United States: Researchers at Washington University School of Medicine in St. Louis have pioneered a novel approach to elucidate the effects of aging on Alzheimer’s disease progression. This innovative method allows for the examination of aged neurons in a laboratory setting without the need for invasive brain biopsies, potentially enhancing our comprehension of the disease and paving the way for novel therapeutic strategies.
Some of the achieved molecular transformations include scientists’ conversion of skin cells from patients with late-onset Alzheimer’s disease to neurons. There is a slow-progressing form of Alzheimer’s, which may take decades to develop, and in the majority of cases, the symptoms begin at 65 years of age and older, According to Washington University School of Medicine in St Louis.
In a laboratory, it has created neurons that mimicked the entire concept of this dementia variety, including the formation of amyloid beta plaque, tau protein tangles, and neuronal death.
Studying these cells, such components of cells’ genomes as retrotransposable factors, which change their work during the aging process and are connected with the development of the late-onset form of Alzheimer’s disease, were discovered by scientists. These findings do propose new therapeutic approaches aimed at these elements.
The findings were printed in the Science journal on August 2.
“Sporadic, late-onset Alzheimer’s disease comprise the majority of Alzheimer’s disorders, at more than 95 percent,” said Dr Yoo, a professor of developmental biology, as WUSTL reported.
“The complexity of the disease, influenced by multiple risk factors including aging, has rendered it challenging to study in the laboratory. Until now, we lacked a method to capture the effects of aging in the cells to study late-onset Alzheimer’s.”
Historically, Alzheimer’s research utilizing animal models has focused on mice with rare genetic mutations that induce early-onset Alzheimer’s in younger individuals. While this approach has provided insights into the disease, it does not accurately reflect the disease development in the vast majority of patients with the sporadic, late-onset form.

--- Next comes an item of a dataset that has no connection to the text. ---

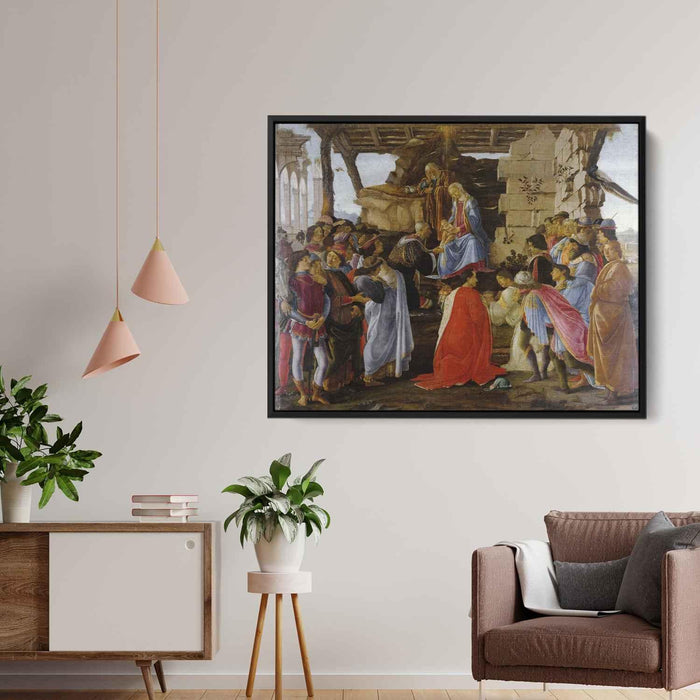 The Adoration of the Magi (1476) by Sandro Botticelli - Canvas Artwork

Yoo’s team employed a technique known as cellular reprogramming to more accurately replicate the disease in the lab.
This method, which converts easily accessible human skin cells from living patients directly into neurons, allows for the study of Alzheimer’s effects on the brain without the need for risky brain biopsies while preserving the age-related characteristics of the neurons.
Yoo and his colleagues, who pioneered this transformation technique using microRNAs, initially focused on understanding Huntington’s disease, an inherited neurological disorder that typically manifests in adulthood.
Upon transforming skin cells into brain cells, the researchers observed that these new neurons could either grow in a thin gel layer or self-organize into small clusters—termed spheroids—emulating the brain’s three-dimensional environment, according to WUSTL.
The researchers compared neuronal spheroids generated from patients with sporadic, late-onset Alzheimer’s disease, inherited Alzheimer’s disease, and healthy individuals of similar ages.
The spheroids from Alzheimer’s patients rapidly developed amyloid beta deposits and tau tangles between neurons. Additionally, genes associated with inflammation were activated, leading to neuronal death, mimicking observations in brain scans of patients. Spheroids from older, healthy donors exhibited some amyloid deposition but significantly less than those from patients.
The presence of small amyloid deposits in older, healthy spheroids indicates that the technique successfully captures age-related effects and suggests that amyloid beta and tau accumulation correlates with aging, with the Alzheimer’s disease process exacerbating this buildup.
The researchers, including first author Zhao Sun, PhD, a staff scientist in Yoo’s lab, discovered that treating spheroids from late-onset Alzheimer’s patients with drugs that inhibit amyloid beta plaque formation early in the disease process significantly reduced amyloid beta deposits. However, treatment at later stages, after some buildup had occurred, was less effective or only modestly reduced subsequent amyloid beta deposits. This underscores the importance of early disease detection and intervention.
The study also highlighted the role of retrotransposable elements—small DNA fragments that move to different genome locations—in late-onset Alzheimer’s disease development.
Inhibiting these “jumping genes” with the drug lamivudine (also known as 3TC), an anti-retroviral drug that suppresses retrotransposable elements, had a beneficial effect: spheroids from late-onset Alzheimer’s patients showed reduced amyloid beta and tau tangles and less neuronal death compared to those treated with a placebo, as per WUSTL.
Lamivudine treatment did not benefit spheroids from patients with early-onset, inherited Alzheimer’s, providing evidence that sporadic late-onset Alzheimer’s disease associated with aging has distinct molecular characteristics compared to inherited Alzheimer’s.
“In these patients, our novel model system has identified a role for retrotransposable elements in the disease process,” Yoo remarked.
“We were encouraged to find that we could mitigate the damage with a drug that suppresses these elements. We anticipate using this model system to develop new personalized therapeutic interventions for late-onset Alzheimer’s disease.”
The researchers plan future studies incorporating multiple brain cell types, including neurons and glia, into the spheroids.